Figuratevi, ora, il disorientamento di Chiara nel vedere bambini “istigati” da adulti “rincretiniti” dall’inatteso e impreparato incontro con la natura, porgere fette biscottate, biscotti e zuccherini ad una giovane cerbiatta che si era avvicinata alla recinzione. Ma, ancora di più, immaginatevi la delusione e il disagio della bambina – educata al rispetto delle regole come forma massima e concreta di democrazia e di libertà – quando alle sue rimostranze nei confronti dei “coetanei” si è sentita rispondere da una delle “mamme” istigatrici: “Ma non vedi che a loro (i cervi) piacciono?”.

Il resto della giornata è trascorso nel tentativo di spiegare a Chiara che era lei: con il suo rispetto della norma; con il suo richiamo all’applicazione collettiva delle regole e con la sua ostinazione nel richiamare l’errante ad essere nel giusto e non chi, con il suo comportamento, aveva messo in atto, nel concreto, un’azione pericolosamente lesiva, non solo della vita dei cervi.

La riflessione collettiva, fortunamente, ha prodotto l’effetto sperato di confermare la “piccola” nella sua correttezza democratica ma ha lasciato in tutti noi adulti, presenti ala scena, un forte senso d’impotenza e di amarezza.

Entrambi sentimenti legati, da un lato al timore di essere rimasti “in pochi” a credere nella forza rivoluzionaria della partecipazione collettiva e della lotta per l’emancipazione dall’ignoranza e, dall’altro, alla continua constatazione che i nostri connazionali hanno scelto, nella migliore delle ipotesi, l’assuefazione per quieto vivere al potere dei più forti quando, non proprio, l’adesione ad un sistema di oppressione e di arbitrio.
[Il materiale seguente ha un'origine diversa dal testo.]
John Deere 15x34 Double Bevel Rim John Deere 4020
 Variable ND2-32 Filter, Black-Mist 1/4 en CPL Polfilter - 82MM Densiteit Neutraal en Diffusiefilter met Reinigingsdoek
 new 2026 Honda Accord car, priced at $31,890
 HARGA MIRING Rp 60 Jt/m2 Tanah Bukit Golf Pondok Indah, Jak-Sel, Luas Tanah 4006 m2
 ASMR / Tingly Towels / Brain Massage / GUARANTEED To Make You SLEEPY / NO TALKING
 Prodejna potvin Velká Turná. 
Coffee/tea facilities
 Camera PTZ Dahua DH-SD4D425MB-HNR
Non si spiegherebbe, altrimenti, come possa essere possibile che un capo di governo accerchiato, che guida un governo in disarmo e disagiato generatore, in un abbraccio mortale e vicendevole, sfiducia e incertezza sia internamente che a livello internazionale, possa ancora pensare di rimanere al suo posto, a scapito dell’interesse collettivo della Nazione e della regola aurea, conosciuta anche da Peter Parker, secondo cui “ad un grande potere, corrisponde una grande responsabilità”.

Ci piange il cuore, dunque, non solo nella verifica dell’abuso di potere e dell’arbitrio che si manifestano, diuturnamente, in ogni attività del nostro paese: dalla incessante richiesta di pizzo per qualsivoglia esercizio dei diritti di cittadinanza; all’attacco alla libera espressione del pensiero che ha portato, nei giorni scorsi, ad un attacco al nostro direttore a cui voglio esprimere tutta la mia solidarietà.

Ma, ancora di più, sono perplesso e depresso, per la povera Chiara, costretta a subire e sperimentare, ancora così giovane, la stupidità dei grandi e l’abuso della forza.